Other notable stories:
- Last week, Bud Hulsey, a Republican state lawmaker in Tennessee, introduced an official resolution “reprimanding” the Associated Press for an investigation that it published last year detailing deep-seated racism in the military; Hulsey called the story “manifestly untrue” and accused the AP of “the lowest form of incendiary journalism.” Kat Stafford, the lead author on the AP’s story, defended the reporting in a Twitter thread.
- After Kelly McBride, NPR’s public editor, recommended that Nina Totenberg, the legal affairs correspondent, clarify a controversial story about a mask dispute at the Supreme Court, Totenberg told the Daily Beast that she hadn’t looked at the recommendation “and I don’t care to look at it because I report to the news division.” (McBride works independently of the newsroom.) She added that McBride is “not clarifying anything!”
- Insider’s Steven Perlberg assessed fears that the proliferation of paywalls is making access to news a privilege for the well-off, and explored some alternative models. Nikki Usher, a University of Illinois professor who has written about media inequality, told Perlberg that it’s a “twisted and unfair message to tell people, ‘Don’t use fake news. Rely on high-quality sources’ when they get shut down the second they try to use them.”
- Last week, CJR’s Paroma Soni reported on plans for a well-funded local-news nonprofit in Houston. On Friday, Chris Tomlinson, of the rival Houston Chronicle, expressed some skepticism as to the value of the new venture, arguing that Houston already has a vibrant media landscape and that the money may be better spent in a news desert instead. “Like for-profits,” he argued, “nonprofits go where they can generate revenue.”

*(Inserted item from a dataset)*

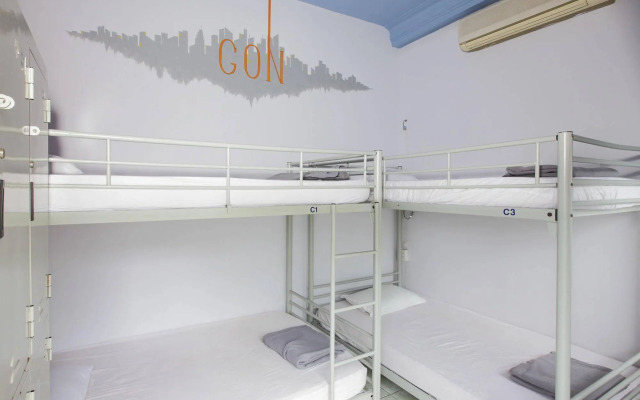 Dream Station - Saigon Hostel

- After Tropical Storm Eta caused millions of dollars in local property and infrastructure damage in 2020, despite being relatively weak, Langston Taylor and Zachary T. Sampson, of the Tampa Bay Times, partnered with the National Hurricane Center to model how rising sea levels could make the impact even worse in the future. By 2050, they calculated, an Eta-size storm could flood five times as many properties in the area.

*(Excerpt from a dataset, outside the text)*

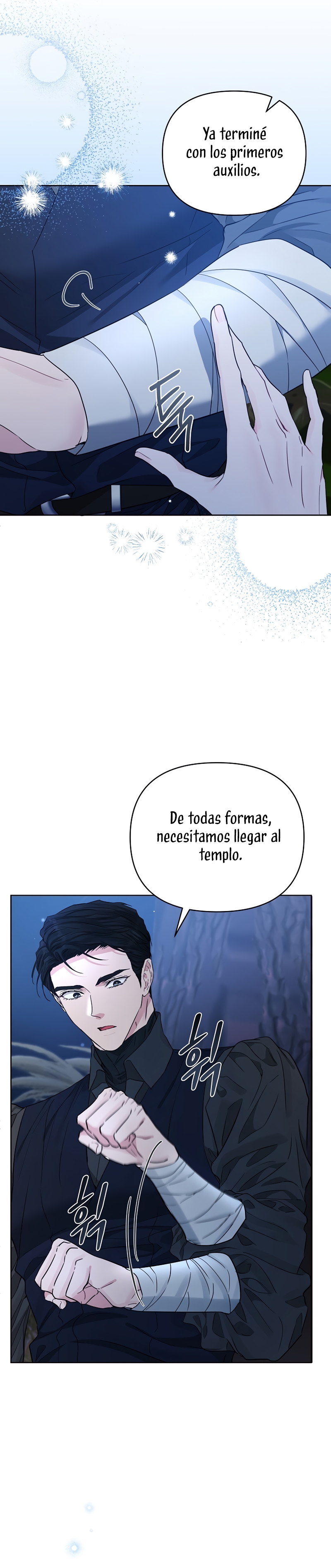 Marido tirano, con la que estás obsesionado está en otra parte Capítulo 41 - Página 18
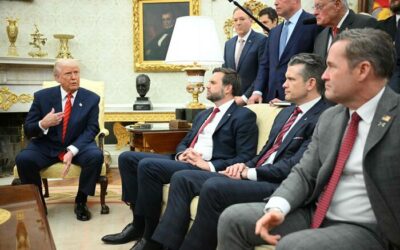 Trump si schiera con Vance, ‘l’Europa parassita’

- Early Saturday morning, police in Turkey detained Sedef Kabaş, a prominent TV journalist, and charged her with insulting Recep Tayyip Erdoğan, the country’s authoritarian president; Kabaş had repeated a proverb—“when the ox comes to the palace, he does not become a king but the palace becomes a barn”—both on air and online. (She did not name Erdoğan.) If convicted, Kabaş could face several years in jail.
- Since extraordinary protests in Kazakhstan were quelled two weeks ago, authorities have continued to go after journalists who covered them, sentencing at least three reporters to jail terms on various public-order charges while bringing at least six others in for questioning, including a staffer for the Kazakh arm of Radio Free Europe/Radio Liberty, a US-funded broadcaster. The Committee to Protect Journalists has more.
- A bipartisan group of lawmakers in the UK criticized an array of prestigious London law firms for helping oligarchs and other wealthy foreign clients bring malicious libel suits against British journalists, highlighting recent cases including that of Tom Burgis, a Financial Times reporter who is being sued by a Kazakh mining company. The lawmakers called for action to curb such suits. The Guardian’s Harry Davies has more.
- And there was a “murder” on the roof of the Pittsburgh Post-Gazette’s newsroom.